Franco could have strangled him.

"Didn't I tell you I have been to Lodi? So of course I know!"

Franco, quite beside himself, protested that he was entirely in the dark.

"Of course," Pasotti continued, with greater irony than before. "It is for me to enlighten the gentleman! Then I will inform you that Professor Gilardoni, who is by no means the friend you believe him to be, went to Lodi at the end of December, and presented himself before the Marchesa with a legally worthless copy of a will which he pretends was made by your late grandfather. This will appoints you, Don Franco, residuary legatee, in terms attrociously insulting to both the wife and the son of the testator. So now you know. Indeed, Signor Gilardoni did not betray his trust, but stated that he had come on his own responsibility, and without your knowledge."

Franco listened, as pale as death, feeling darkness creeping over his sight and his soul, mustering all his strength that he might not lose his head, but be able to give a fitting answer.

"You are right," said he. "Grandmother is right also. It is Professor Gilardoni who has done wrong. He showed me that will three years ago, on the night of my marriage. I told him to burn it, and believed he had done so. If he did not, he deceived me.

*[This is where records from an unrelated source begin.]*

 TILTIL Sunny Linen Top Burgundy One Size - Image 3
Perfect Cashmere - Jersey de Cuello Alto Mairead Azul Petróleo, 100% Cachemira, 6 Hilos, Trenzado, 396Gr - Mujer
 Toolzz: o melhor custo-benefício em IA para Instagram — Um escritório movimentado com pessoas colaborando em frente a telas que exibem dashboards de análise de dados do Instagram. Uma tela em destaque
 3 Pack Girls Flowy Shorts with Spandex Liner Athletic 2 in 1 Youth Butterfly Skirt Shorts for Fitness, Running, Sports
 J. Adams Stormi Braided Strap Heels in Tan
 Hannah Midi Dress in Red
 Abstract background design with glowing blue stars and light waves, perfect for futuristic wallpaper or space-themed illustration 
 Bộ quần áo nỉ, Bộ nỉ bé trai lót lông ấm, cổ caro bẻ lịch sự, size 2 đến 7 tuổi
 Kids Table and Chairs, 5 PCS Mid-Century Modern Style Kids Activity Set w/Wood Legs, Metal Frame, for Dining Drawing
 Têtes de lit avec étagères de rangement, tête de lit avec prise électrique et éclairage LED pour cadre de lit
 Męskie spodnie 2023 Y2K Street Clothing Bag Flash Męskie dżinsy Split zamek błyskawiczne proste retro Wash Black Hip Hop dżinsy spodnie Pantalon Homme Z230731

If he really went to Lodi on the charming errand you describe, he has committed an act of outrageous indelicacy and stupidity. You were quite justified in thinking ill of us. But mark this! I despise my grandmother's money as heartily as I despise the money of the government, and as this lady has the good fortune to be the mother of my father, I will never—never, I say—although she resort to the most base, the most perfidious means of ruining me—never make use of a document that dishonours her. I am too much her superior! Go and tell her this in my name, and tell her also to withdraw her offers, for I spurn them! Good-night!!"

He left Pasotti in a state of utter amazement, and went his way, trembling with over-excitement and rage. He forgot his lantern, and went down the hill in the dark, striding along, neither knowing nor caring where he placed his feet, and from time to time uttering an ejaculation, pouring out that which was seething within him —rage against Gilardoni, and accusations against Luisa!


Uncle Piero had gone to bed early, and Luisa was waiting for Franco in the little salon with Maria, whom she had kept up that her father might see something of her this last night. Poor little Signorina Missipipì had very soon grown weary, and had begun to open wide her little mouth, and assume a tearful expression, asking in a small and pitiful voice: "When is papa coming?" But she possessed a mamma who was unrivalled in consoling the afflicted. Now it was some time since Signorina Missipipì had owned a pair of whole little shoes: and little shoes, even in Valsolda, cost money. Not much money, it is true, but what is to be done when you have hardly any? However, this unique mamma was also unrivalled in shoeing those who were shoeless. The very day before, Luisa, in searching for a piece of rope in the attic, had found a boot which had belonged to her grandfather, buried beneath a heap of rubbish, of empty boxes and broken chairs. She had put it in water to soften, and had borrowed a shoemaker's knife, an awl, and shears. She now took the venerable boot, that frightened Maria, and placed it on the table. "Now we will recite its funeral oration," said she, with that liveliness she could assume at will, and of which even mortal anguish could not rob her, if she deemed it necessary to be lively. "But first you must ask your great-grandfather's permission to take his boot." She made Maria clasp her hands, and recite the following jingle, her eyes comically raised to the ceiling.

Great granddad of mine
Who to heav'n did climb,
This boot, to you useless
Pray give to this princess,
Who longs in vain
For slippers twain,
And throws you a kiss,
The pert little Miss,
Which she begs you to put
On the sole of your foot.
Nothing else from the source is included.